Machine Learning Engineer (Product) at Seldon
Following a year of rapid growth in our open-source ML projects and winning top tier customers across sectors to support strategic AI platform initiatives, Seldon is expanding rapidly! We are looking for a Machine Learning Engineer to join our Product Engineering function and help us build the future of production machine learning.
Seldon is a London based scale-up that builds open source and enterprise machine learning frameworks that power massive scale deployments of production AI systems. Our open source frameworks benefit from over 2,000,000 installations, and power our enterprise product Seldon Deploy, which is currently being used by some of the leading global organisations across industries such as automotive, pharma, finance, etc.
About the role
Your role at Seldon will primarily involve:
- Building and extending production machine learning systems at scale based on our open source and enterprise products
- Work with our R&D and Product teams to integrate data science functionality into product features
- Contributing to our open source projects to extend their functionality
- Architecting solutions and optimising the performance of critical industry machine learning systems
- Identifying & documenting best practices for ML Engineering
- Contributing to global technology conferences
- Growing within a scaling startup crafting a role of your own 🚀
- A degree or higher level academic background in a scientific or engineering subject.
- Strong computer science foundations.
- Strong understanding of the data science lifecycle.
- Strong System architecture knowledge/experience.
- Familiarity with linux based development.
- Experience architecting/applying technology to solve real world challenges.
- Experience delivering production-level client-facing projects.

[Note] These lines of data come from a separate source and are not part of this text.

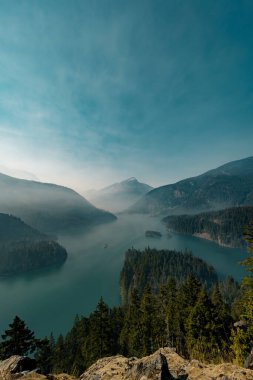 Kuzey Cascades Ulusal Parkı 'ndaki Diablo Gölü' nde yaz sonlarında çıkan yangınlardan çıkan duman bölgeyi görmeyi, nefes almayı ve tadını çıkarmayı zorlaştırıyor..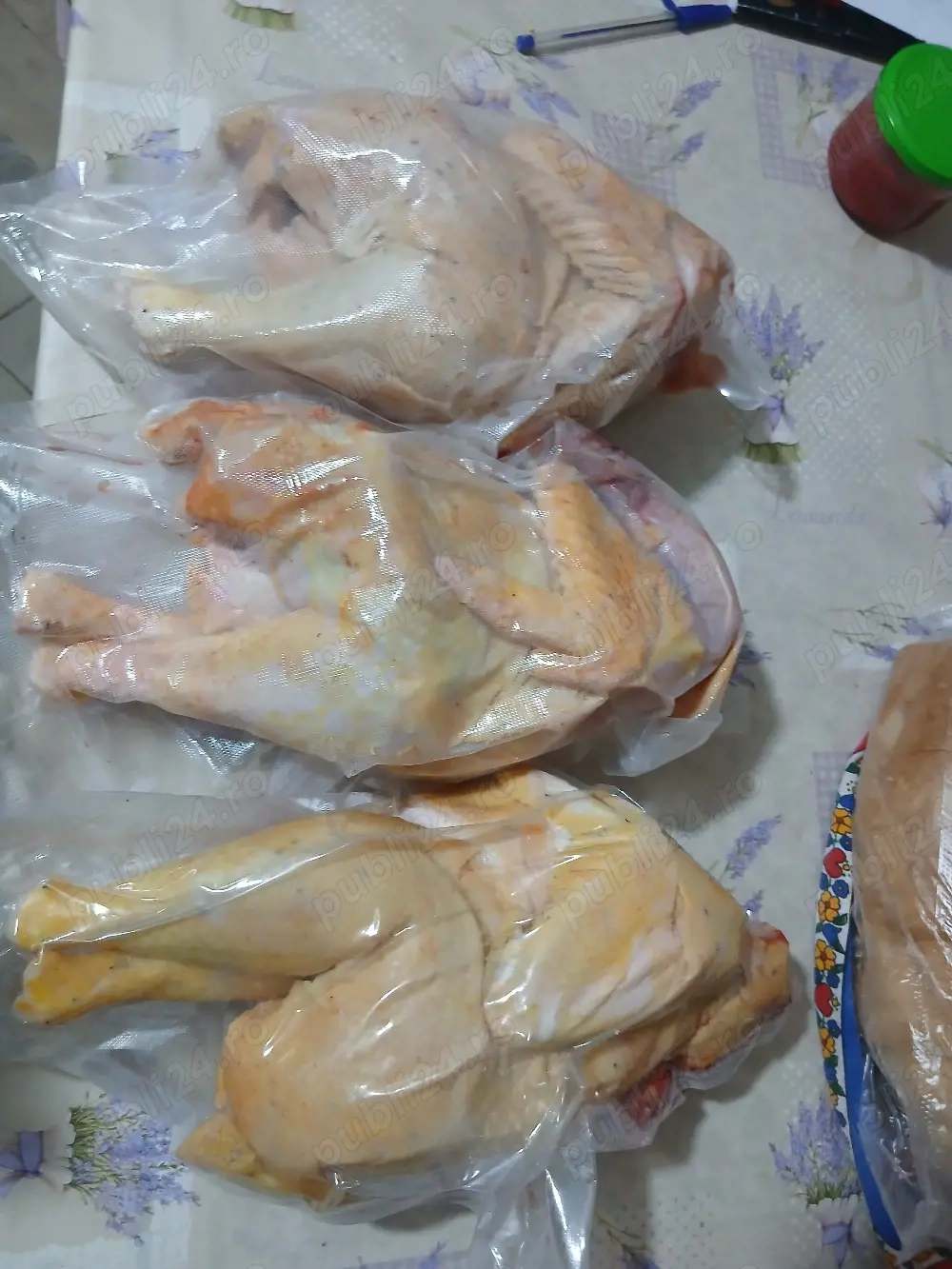 Vând pui de casă 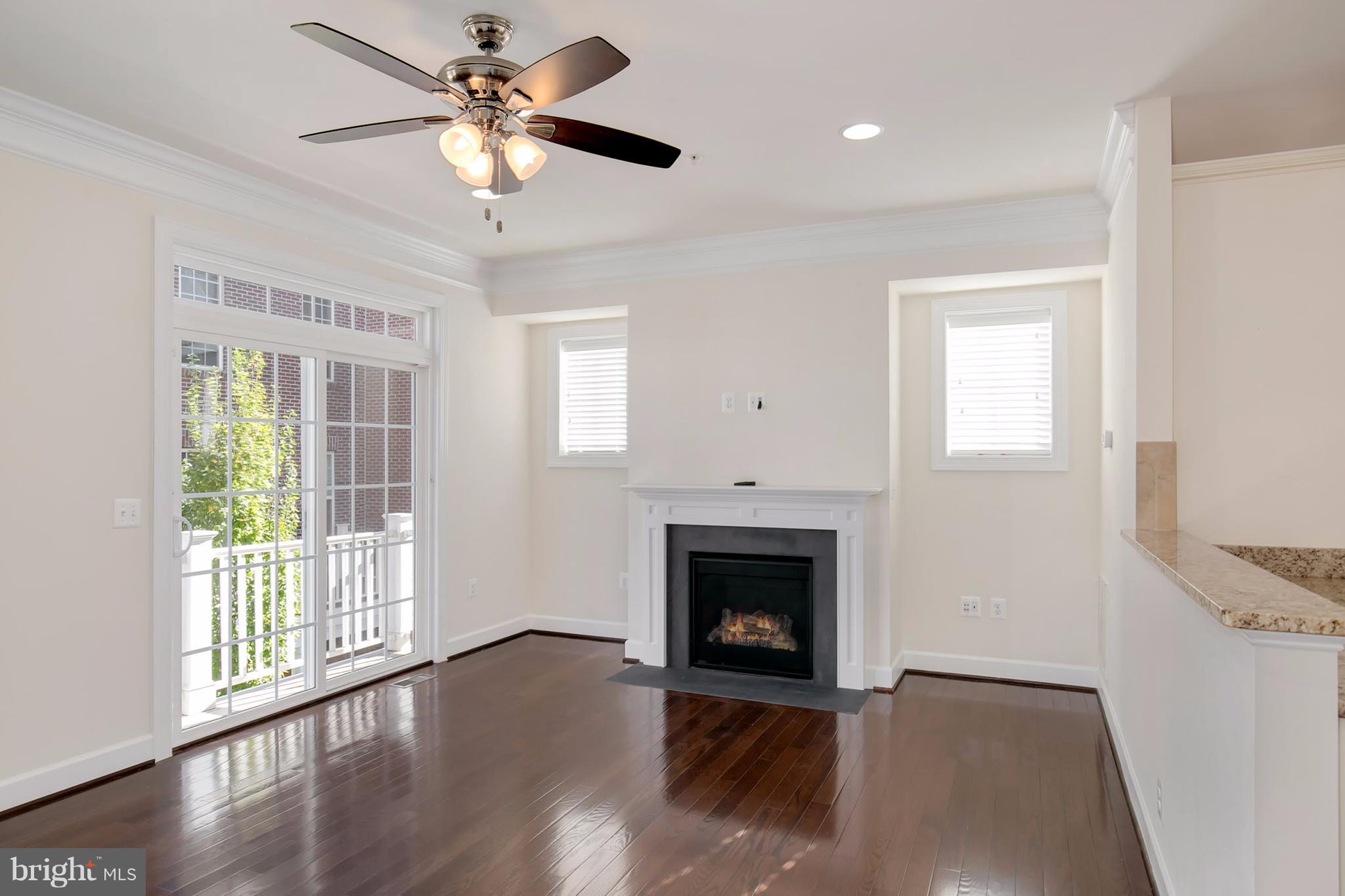 JAGUAR/YORKTOWN - Residential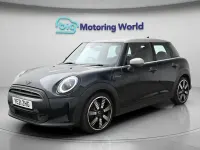 Begagnad Mini Cooper Exclusive 136 HK (100 kW) 2021 Svart Halvkombi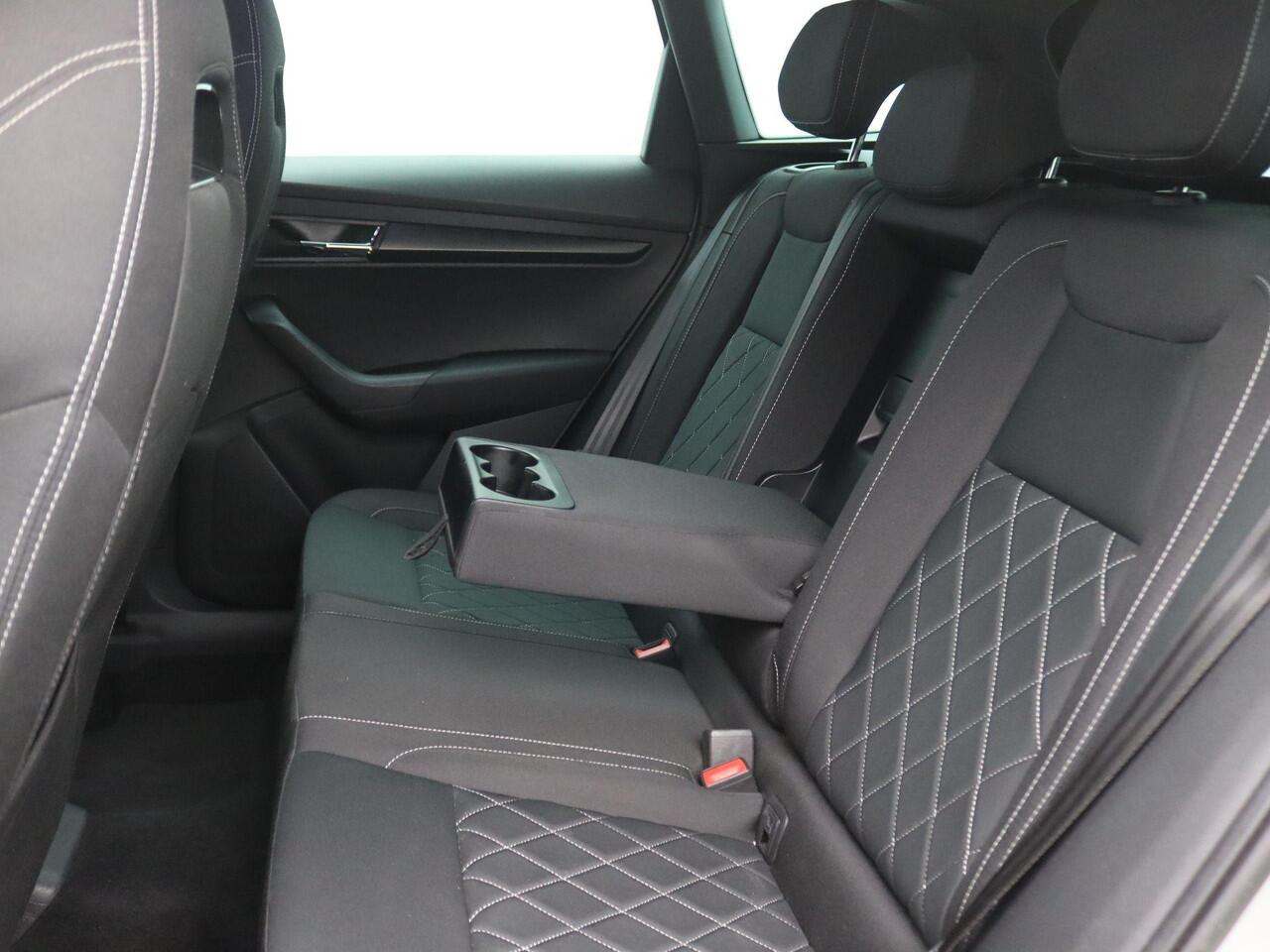 Skoda Karoq 1.5 TSI ACT Sportline Business 150PK DSG Trekhaak, Canton Audio, 19" LM Velgen, Elektr. Achterklep, Keyless, Adaptieve Cruise Controle, Achteruitrijcamera, Side Assist, Stoelverwarming, Voorruitverwarming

- Experience with Kubernetes and the ecosystem of Cloud Native tools.
- Experience maintaining / deploying machine learning models in production.

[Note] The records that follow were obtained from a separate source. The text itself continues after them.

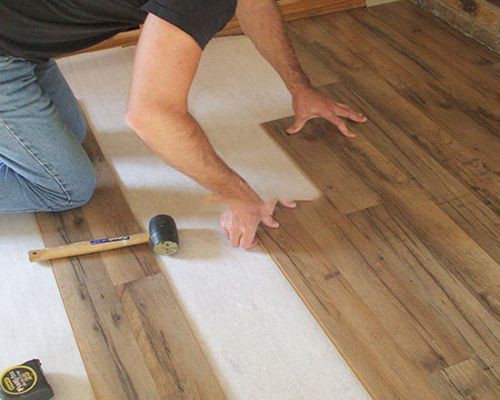 Cách lắp đặt sàn gỗ công nghiệp đúng kĩ thuật Cách lắp đặt sàn gỗ công nghiệp đúng kĩ thuật
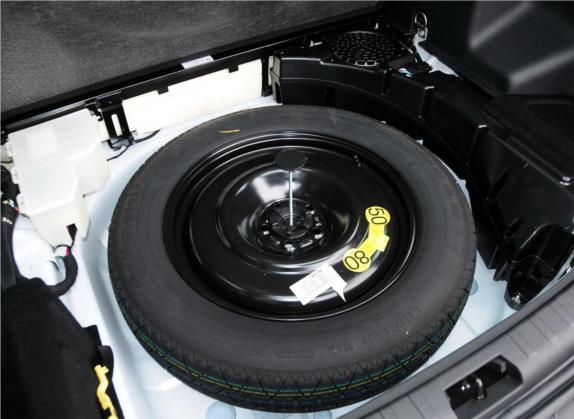 神行者2 2013款 2.2T SD4 S柴油版 其他细节类   备胎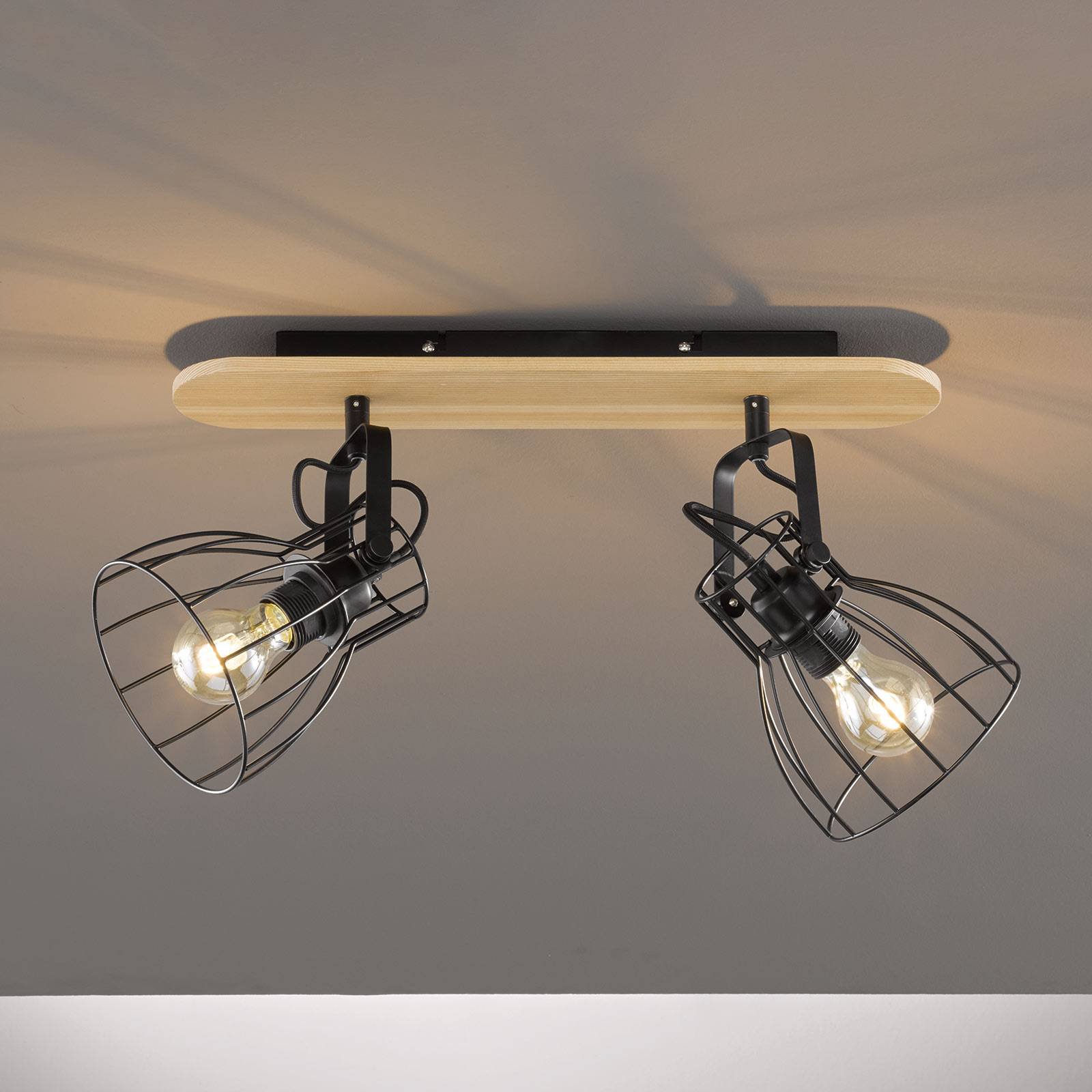 Taklampe Die med treutseende og 2 burskjermer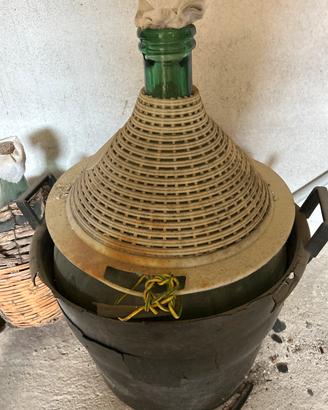 Vecchie damigiane in vetro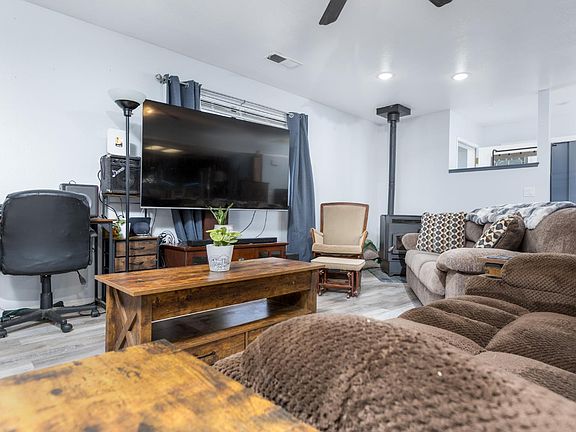 3rd image of 5841 Bumper Rd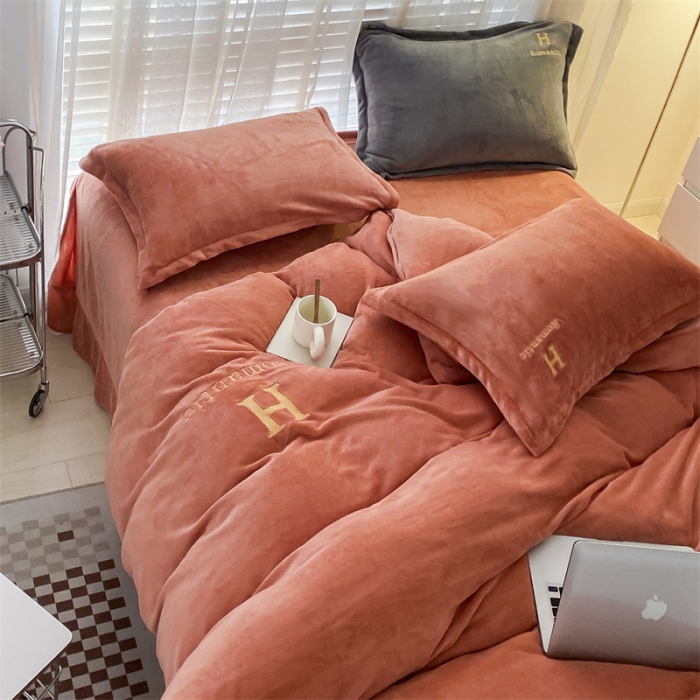 91家纺网 家纺一手货源 找家纺 爱洛 2022新款200克7.5斤纯色刺绣花牛奶绒四件套 牛奶绒-活力橙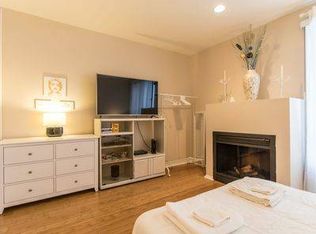 1043 N Curson Ave APT 5, West Hollywood, CA 90046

- Share options to align you with the long-term success of the company.
- Access to discounted lunches, gyms, shopping and cinema tickets.
- Healthcare benefits.
- Tier 2 visa support.
- Flexible work-from-home policy.
- Cycle To Work Scheme.
About our tech stack
Some of our high profile technical projects:
- We are core authors and maintainers of Seldon Core, the most popular Open Source model serving solution in the Cloud Native (Kubernetes) ecosystem
- We built and maintain the black box model explainability tool Alibi
- We are co-founders of the KFServing project, and collaborate with Microsoft, Google, IBM, etc on extending the project
- We are core contributors of the Kubeflow project and meet on several workstreams with Google, Microsoft, RedHat, etc on a weekly basis
- We are part of the SIG-MLOps Kubernetes open source working group, where we contribute through examples and prototypes around ML serving
- We run the largest Tensorflow meetup in London
- And much more 🚀
Some of the technologies we use in our day-to-day:
- Go is our primary language for all-things backend infrastructure including our Kubernetes Operator, and our new GoLang Microservice Orchestrator)

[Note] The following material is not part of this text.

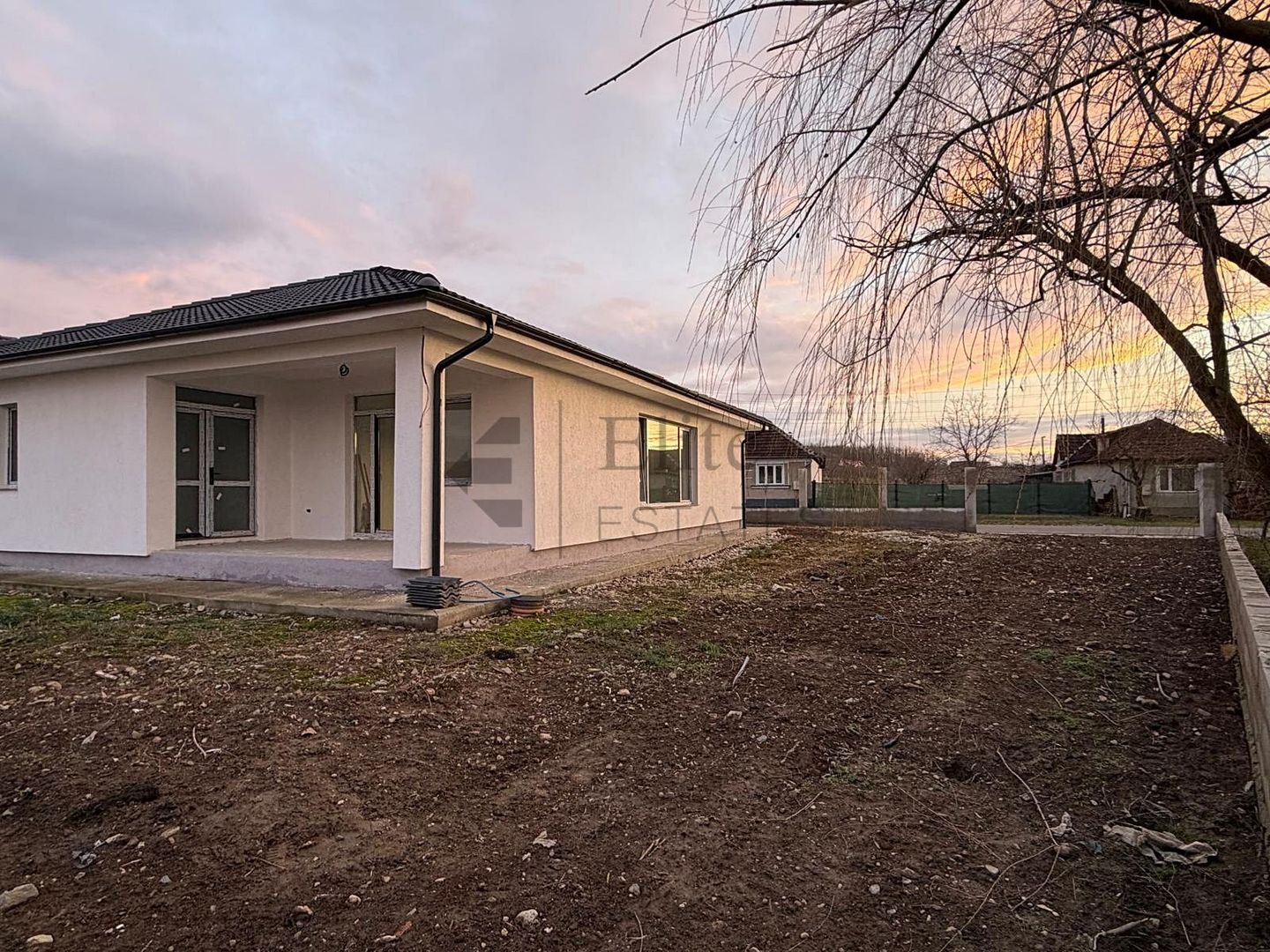 Casa noua cu 4 camere la 6 km de Oradea - Poză 10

- Python is our primary language for machine learning, and powers our most popular Seldon Core Microservices wrapper, as well as our Explainability Toolbox Alibi
- We leverage the Elastic Stack to provide full data provenance on inputs and outputs for thousands of models in production clusters
- Metrics from our models collected using Prometheus, with custom Grafana integrations for visualisation and monitoring
- Our primary service mesh backend leverages the Envoy Proxy, fully integrated with Istio, but also with an option for Ambassador
- We leverage gRPC protobufs to standardise our schemas and reach unprecedented processing speeds through complex inference graphs
- We use React.js for our all our enterprise user products and interfaces
- Kubernetes and Docker to schedule and run all of our core cloud native technology stack
Our interview process is normally a phone interview, a coding task, and 2-3 hours of final interview (carried out virtually). We promise not to ask you any brain teasers or trick questions. We might design a system together on a whiteboard, the same way we often work together, but we won’t make you write code on one. Our recruitment process has an average length of 3 weeks.